[python-uk] Code of Conduct

John Lee jjl at pobox.com
Fri Dec 9 19:17:48 EST 2016


On Fri, 9 Dec 2016, Steve Holden wrote:

> On Fri, Dec 9, 2016 at 9:13 PM, John Lee <jjl at pobox.com> wrote:
>
>> I remember Dan Ariely reporting research in which some students were asked
>> to sign the MIT honour code before taking a test (in his book "Predictably
>> Irrational" I think).  It was found those students cheated less than a
>> control group.  But, MIT doesn't *have* an honour code (according to
>> Ariely, at the time)!  The hypothesis is that we need reminding about these
>> things to behave better -- and the code itself is not so important.
>>
>
> In which case if more people did what Daniele did, and called out
> unacceptable behaviour, we would get reminded but only after something at
> least mildly unacceptable had happened.

Yeah.  Some of that is inevitable I suppose.

FWIW I have to admit I always cringe just a bit at "unacceptable" in this 
sort of context.  I prefer "bad".  Less authoritarian, but clear (my 
philosophy: the truth is out there, but it's hard to find, and we might 
always be wrong).  IIUC some people on this list genuinely think being a 
little disrespectful here to recruiters is the right thing to do when they 
are perceived to be being disrespectful themselves.  Though I think that's 
a mistake, as usual I have to try and remember it might be ME who's 
mistaken, that merely telling people they are mistaken is, and should be, 
unpersuasive, and so trying to force them to behave my way is in the long 
run ineffective and possibly harmful.  (hope that doesn't sound like a 
personal slight, not intended)


> Many mailing lists (used to) publish a monthly FAQ, a practice neither
> python-list not this one has ever adopted.
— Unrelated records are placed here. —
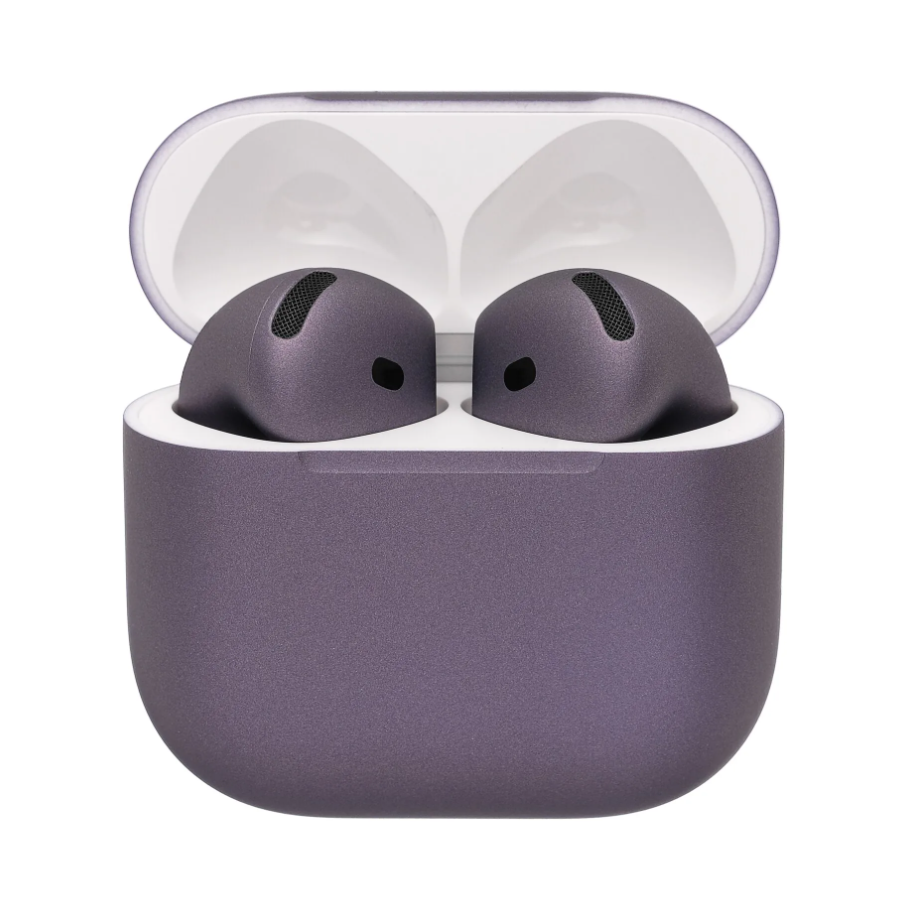Беспроводная гарнитура Apple AirPods 4 (ANC) Color 2024 - Pro Purple Беспроводная гарнитура Apple AirPods 4 (ANC) Color 2024 - Pro Purple
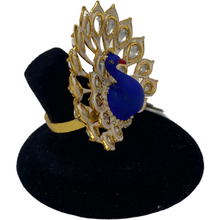 Load image into Gallery viewer, Peacock Ring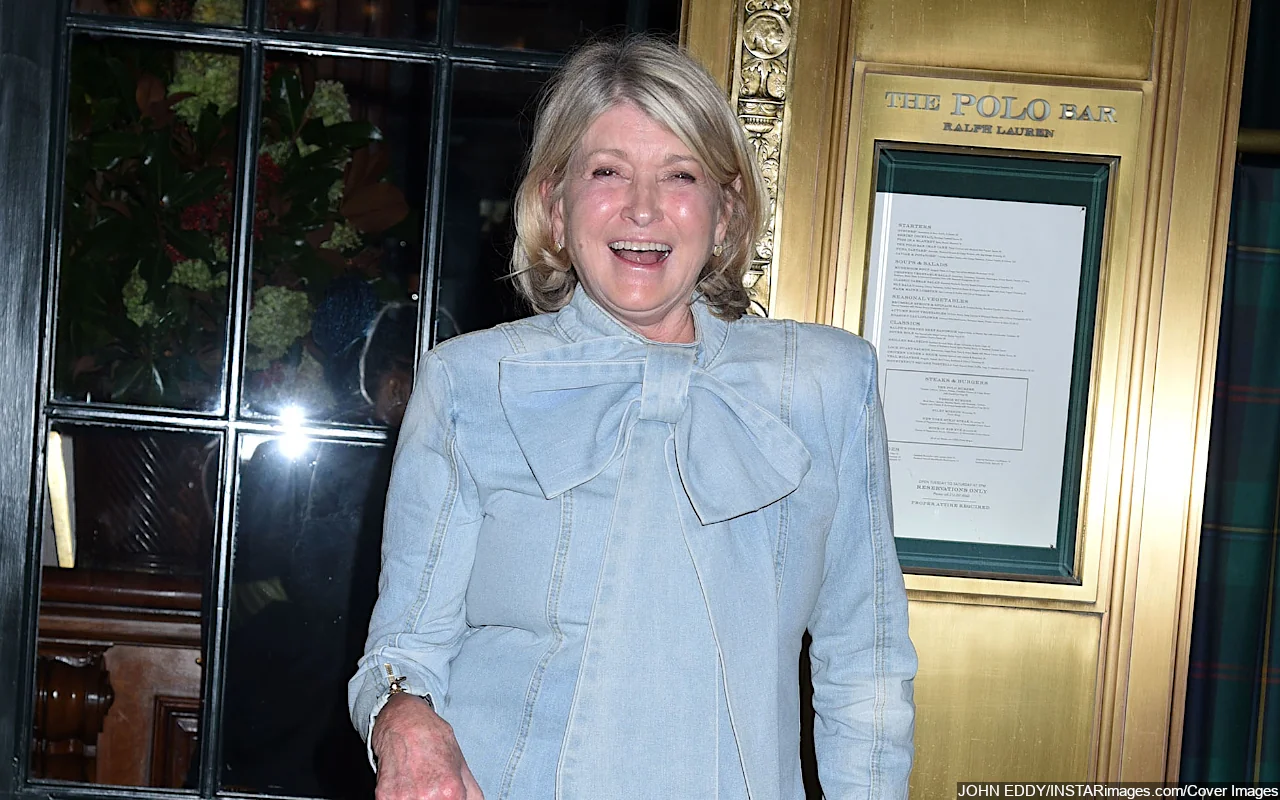 Martha Stewart Insists on Defying Age-Appropriate Dressing After Wearing Slit Dress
I wonder if this might be a
> low-bandwidth way to discourage high-bandwidth incidents?

Maybe so


> Of course this solution is now about thirty-five years old, and I realise
> you young kids like the shiny we stuff, but it might actually give us an
> impersonal way of setting everyone's expectations before things get out of
> hand. If they do so quickly, we can always take the sting out of any
> response by pointing to a web copy of hte FAW and saying :you may not have
> yet been am member of the list long enough to see this."

On the principle above, it could just say "Be good"

<0.5 wink>


> After all, we aren't looking to discourage *people* here, but behaviours.